What share of global foreign-exchange reserves are held in renminbi? The answer is 2 percent. The ruble and crypto languish below 1 percent.

Central banks like to use dollars for the same reasons that companies and individuals do. They hold dollars knowing that others will gladly accept them, just as many learn English because others speak it. Around the world, almost three-fifths of private foreign-currency bank deposits are held in dollars. A similar share of foreign-currency corporate borrowing is done in dollars. Neither measure shows much sign of decline. The Federal Reserve estimates that foreigners hoard about half the outstanding stock of dollar bank notes.

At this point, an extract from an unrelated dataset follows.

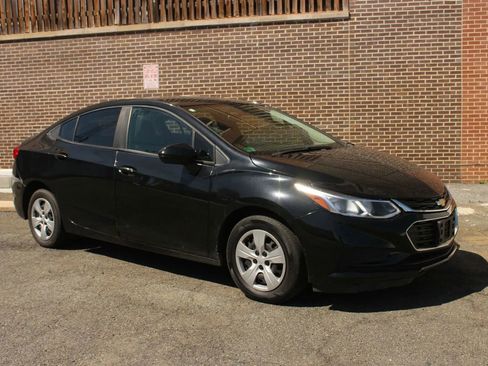 Used 2018 Chevrolet Cruze LS FWD image 1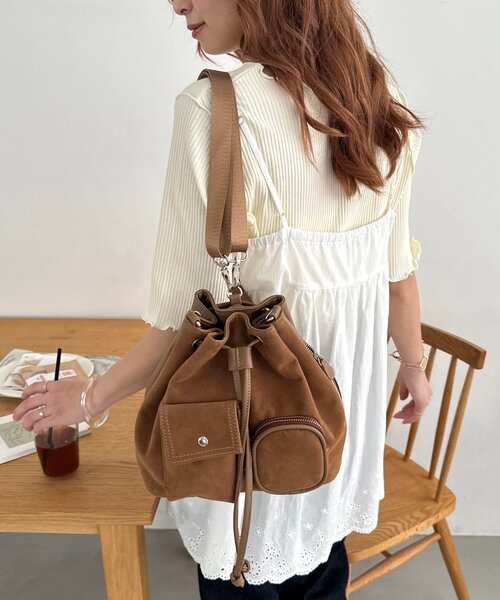 DISCOAT(ディスコート)の「【自由自在な持ち方に◎】ユーティリティバッグ(バックパック/リュック・レディース・ベージュ/ブラウン/ブラック/カーキ/キャメル・FREE)」の5枚目の写真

China bulls cite the proliferation of renminbi swap lines, or agreements allowing China-friendly central banks to call on renminbi loans in a crisis. A 2020 tally counted fully 35 such deals, more than the Federal Reserve maintains with foreign counterparts. But these renminbi swap lines are mostly symbolic. Central banks in small economies have been bullied into signing on, but they have no practical use for Chinese lending. In a crisis, they want dollars because their domestic banks do business in dollars. A standing credit line in renminbi is the financial equivalent of fluency in Esperanto.

Meanwhile, the Fed might offer dollar swap lines to a shorter list of countries, but there is nothing symbolic about them. During the great financial crisis, the Fed lent foreign counterparts $585 billion via these facilities. During the pandemic lockdown, it pumped out another $450 billion. Indeed, the popularity of dollar swap lines outweighs all the anecdotal chatter about China’s alleged financial rise. The dollar is more entrenched in the advanced economies than before 2008 because major central banks know the Fed will backstop the dollar-denominated parts of their financial systems.

Of course, the dollar’s reserve-currency status is not a divine right, and the Fed should step up its determination to fight inflation. But currency dominance is a sticky kind of power. For now, there is no reason to expect the United States to lose it.